Bertel Thorvaldsen was born in 1770 and was admitted to the Royal Academy of Arts at the early age of 11, where among others the famous Danish artist Nikolai Abildgaard became his encouraging teacher. In 1796 Thorvaldsen travelled to Rome, originally with the opportunity to have a three year study abroad. He arrived in Rome on the 8th of March, 1797 and referred to this date as his “Roman birthday”. However, his stay abroad lasted not three but 40 years.

In 1804 C. F. Hansen asked Thorvaldsen to oversee the decoration work for Christiansborg Castle, the Castle Church and the Copenhagen City Hall. It came naturally to also ask the famous sculptor to decorate the new Church of Our Lady a couple of years later. Bertel Thorvaldsen stayed in Copenhagen during the winter of 1819-20 to finalise the agreements, but apart from this brief stint he lived and worked in Rome.

A main character in the Roman art circles

Thorvaldsen was familiar with the antique sculptures from the collection of casts in Copenhagen, but in Rome he was infinitely closer to the source. The Danish archaeologist Georg Zoëga became his close friend and teacher. As early as 1798 Thorvaldsen sent home examples of his works to Denmark, both copies of older works as well as new models of figures from the Antique. He also started the sculpting of ‘Jason with the golden fleece’, a larger-than-life statue of the hero of the ancient Greek legends.

When the wealthy Thomas Hope ordered the statue and paid an advance, it helped secure Thorvaldsen’s stay in Rome. It should, however, take 30 years before Hope was able to display the statue in his private collection. The most famous sculptor of the time, Antonio Canova (1757-1822), saw ‘Jason’ in Thorvaldsen’s atelier and gave it high praise: ’It was as if Thorvaldsen blew new life into the Antique’. Thorvaldsen was now regarded as the most important sculptor in Rome following Canova, and in 1804 he became a member of the Florence Academy of Art; the Danish Academy followed in 1805 and in 1808 he was accepted into ’Accademia di San Luca’ in Rome.

Thorvaldsen quickly became a main character in the Roman art circles.

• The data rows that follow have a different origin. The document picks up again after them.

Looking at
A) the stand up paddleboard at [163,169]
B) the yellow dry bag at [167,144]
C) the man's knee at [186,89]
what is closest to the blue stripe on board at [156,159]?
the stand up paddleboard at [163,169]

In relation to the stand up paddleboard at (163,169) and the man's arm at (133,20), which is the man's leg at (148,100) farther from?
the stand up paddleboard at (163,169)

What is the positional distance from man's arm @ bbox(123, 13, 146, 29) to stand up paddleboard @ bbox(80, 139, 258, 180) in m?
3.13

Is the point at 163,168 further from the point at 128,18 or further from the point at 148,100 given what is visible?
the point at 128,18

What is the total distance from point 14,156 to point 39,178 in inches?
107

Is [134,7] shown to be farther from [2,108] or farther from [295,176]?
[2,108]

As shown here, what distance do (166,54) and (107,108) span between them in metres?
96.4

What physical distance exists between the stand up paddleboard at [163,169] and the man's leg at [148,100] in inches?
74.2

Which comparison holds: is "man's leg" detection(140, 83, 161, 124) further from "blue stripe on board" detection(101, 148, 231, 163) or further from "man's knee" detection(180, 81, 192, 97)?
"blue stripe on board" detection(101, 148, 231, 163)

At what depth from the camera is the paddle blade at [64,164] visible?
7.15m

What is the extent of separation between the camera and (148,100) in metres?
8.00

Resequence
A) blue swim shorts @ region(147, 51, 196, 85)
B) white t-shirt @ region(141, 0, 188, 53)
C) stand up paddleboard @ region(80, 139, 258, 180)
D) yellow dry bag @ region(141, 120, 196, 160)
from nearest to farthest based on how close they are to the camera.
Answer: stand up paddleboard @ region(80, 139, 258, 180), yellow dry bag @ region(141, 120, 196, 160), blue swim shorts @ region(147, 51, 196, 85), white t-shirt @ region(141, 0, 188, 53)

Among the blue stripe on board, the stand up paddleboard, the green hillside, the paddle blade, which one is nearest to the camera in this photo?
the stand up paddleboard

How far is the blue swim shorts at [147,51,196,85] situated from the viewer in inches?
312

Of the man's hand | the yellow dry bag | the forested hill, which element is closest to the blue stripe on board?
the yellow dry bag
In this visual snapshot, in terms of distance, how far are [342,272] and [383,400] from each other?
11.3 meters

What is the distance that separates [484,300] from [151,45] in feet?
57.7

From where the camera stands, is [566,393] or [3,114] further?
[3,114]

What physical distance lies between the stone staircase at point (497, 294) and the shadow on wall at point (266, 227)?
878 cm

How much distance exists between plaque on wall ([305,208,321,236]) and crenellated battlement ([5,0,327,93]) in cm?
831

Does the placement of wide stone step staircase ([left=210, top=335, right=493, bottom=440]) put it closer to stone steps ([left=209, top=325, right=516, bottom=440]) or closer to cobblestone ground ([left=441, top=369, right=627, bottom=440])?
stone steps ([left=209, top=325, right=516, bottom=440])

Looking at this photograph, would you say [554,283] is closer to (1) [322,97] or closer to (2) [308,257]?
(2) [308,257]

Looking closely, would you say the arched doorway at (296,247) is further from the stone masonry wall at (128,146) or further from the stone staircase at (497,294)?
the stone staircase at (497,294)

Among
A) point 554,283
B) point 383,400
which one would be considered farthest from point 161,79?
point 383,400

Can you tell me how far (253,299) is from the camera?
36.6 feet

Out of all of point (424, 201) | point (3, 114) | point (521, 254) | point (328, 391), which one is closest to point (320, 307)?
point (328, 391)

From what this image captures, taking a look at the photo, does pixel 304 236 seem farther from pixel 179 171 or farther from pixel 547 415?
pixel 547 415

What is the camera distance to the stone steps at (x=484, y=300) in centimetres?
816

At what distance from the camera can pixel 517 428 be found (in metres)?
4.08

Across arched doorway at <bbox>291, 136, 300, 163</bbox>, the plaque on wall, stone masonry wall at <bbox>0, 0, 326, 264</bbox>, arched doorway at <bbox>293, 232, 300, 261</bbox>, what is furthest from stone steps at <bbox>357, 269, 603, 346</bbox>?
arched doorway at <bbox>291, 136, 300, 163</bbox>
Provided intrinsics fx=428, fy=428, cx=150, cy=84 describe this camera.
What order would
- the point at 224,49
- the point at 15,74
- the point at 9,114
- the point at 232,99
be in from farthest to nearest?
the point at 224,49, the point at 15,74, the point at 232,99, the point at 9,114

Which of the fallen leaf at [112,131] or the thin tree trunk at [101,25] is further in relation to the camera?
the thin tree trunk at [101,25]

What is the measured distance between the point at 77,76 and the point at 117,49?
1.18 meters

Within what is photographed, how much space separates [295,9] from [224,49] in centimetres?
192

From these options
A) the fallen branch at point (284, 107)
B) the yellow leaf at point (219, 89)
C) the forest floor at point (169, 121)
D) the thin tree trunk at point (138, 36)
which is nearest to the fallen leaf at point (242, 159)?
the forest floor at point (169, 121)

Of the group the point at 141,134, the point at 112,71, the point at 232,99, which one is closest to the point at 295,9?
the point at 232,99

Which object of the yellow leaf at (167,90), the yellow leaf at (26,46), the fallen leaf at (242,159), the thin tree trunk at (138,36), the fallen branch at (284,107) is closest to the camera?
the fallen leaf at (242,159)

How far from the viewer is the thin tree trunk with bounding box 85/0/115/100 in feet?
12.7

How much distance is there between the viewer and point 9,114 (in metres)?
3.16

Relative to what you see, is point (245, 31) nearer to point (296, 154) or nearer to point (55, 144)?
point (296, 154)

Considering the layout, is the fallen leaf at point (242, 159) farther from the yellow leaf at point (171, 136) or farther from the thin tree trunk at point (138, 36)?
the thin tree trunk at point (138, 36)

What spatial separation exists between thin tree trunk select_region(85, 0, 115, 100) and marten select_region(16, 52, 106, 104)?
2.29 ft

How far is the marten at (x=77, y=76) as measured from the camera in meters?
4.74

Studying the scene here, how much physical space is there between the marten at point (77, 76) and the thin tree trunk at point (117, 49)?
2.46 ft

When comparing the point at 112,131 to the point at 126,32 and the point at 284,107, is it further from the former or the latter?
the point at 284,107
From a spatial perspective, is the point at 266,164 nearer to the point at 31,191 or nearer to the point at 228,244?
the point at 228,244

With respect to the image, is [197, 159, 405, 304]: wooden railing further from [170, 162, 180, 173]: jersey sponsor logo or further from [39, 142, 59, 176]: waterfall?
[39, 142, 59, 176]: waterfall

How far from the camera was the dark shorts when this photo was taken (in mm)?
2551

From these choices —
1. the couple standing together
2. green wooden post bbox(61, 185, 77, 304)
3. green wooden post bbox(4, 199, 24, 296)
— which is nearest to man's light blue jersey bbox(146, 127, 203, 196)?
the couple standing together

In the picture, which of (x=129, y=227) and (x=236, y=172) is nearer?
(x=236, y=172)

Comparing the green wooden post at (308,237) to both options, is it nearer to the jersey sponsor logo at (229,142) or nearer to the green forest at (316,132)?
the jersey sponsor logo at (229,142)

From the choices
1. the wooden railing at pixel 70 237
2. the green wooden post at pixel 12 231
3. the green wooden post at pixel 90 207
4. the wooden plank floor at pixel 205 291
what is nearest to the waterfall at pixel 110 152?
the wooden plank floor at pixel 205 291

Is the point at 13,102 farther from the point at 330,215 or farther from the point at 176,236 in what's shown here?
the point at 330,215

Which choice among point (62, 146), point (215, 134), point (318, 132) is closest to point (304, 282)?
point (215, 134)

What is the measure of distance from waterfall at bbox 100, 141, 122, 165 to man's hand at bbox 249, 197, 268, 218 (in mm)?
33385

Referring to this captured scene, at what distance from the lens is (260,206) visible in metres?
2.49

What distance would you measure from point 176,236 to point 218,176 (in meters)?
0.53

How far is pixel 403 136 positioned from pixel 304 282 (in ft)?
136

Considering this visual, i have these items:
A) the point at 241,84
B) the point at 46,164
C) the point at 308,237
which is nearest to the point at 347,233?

His atelier and work room became a reference point for young Danish artists during their studies in Rome and rich art collectors alike. So when the orders started pouring in from Copenhagen, Thorvaldsen was already working on pieces for Ludwig of Bavaria among others, the Alexander frieze for Palazzo Quirinale in Rome, and the Swiss Lion of Lucerne.

Thorvaldsen’s clientele increased, and one of his great triumphs was the commission for the Monument to Pope Pius VII for St. Peter’s Basilica. Thorvaldsen worked with small reliefs and large statues as well as small portraits and antique gods. He employed many artists in his work room, Danes as well, who worked on modelling, casting and sculpting.

Cultural gathering point

Many painters, sculptors and poets of the Golden Age sought his company in Rome, where Casa Buti became an anchor for a Danish-German fellowship of artists, which included Freund, Eckersberg, Marstrand, Blunck and Bødtcher among others. Hans Christian Andersen looked for Thorvaldsen as his first order of business when he arrived in Rome in 1833: “Now I have acquired private accommodation and am staying in the same street as Thorvaldsen: Via Sistina..”.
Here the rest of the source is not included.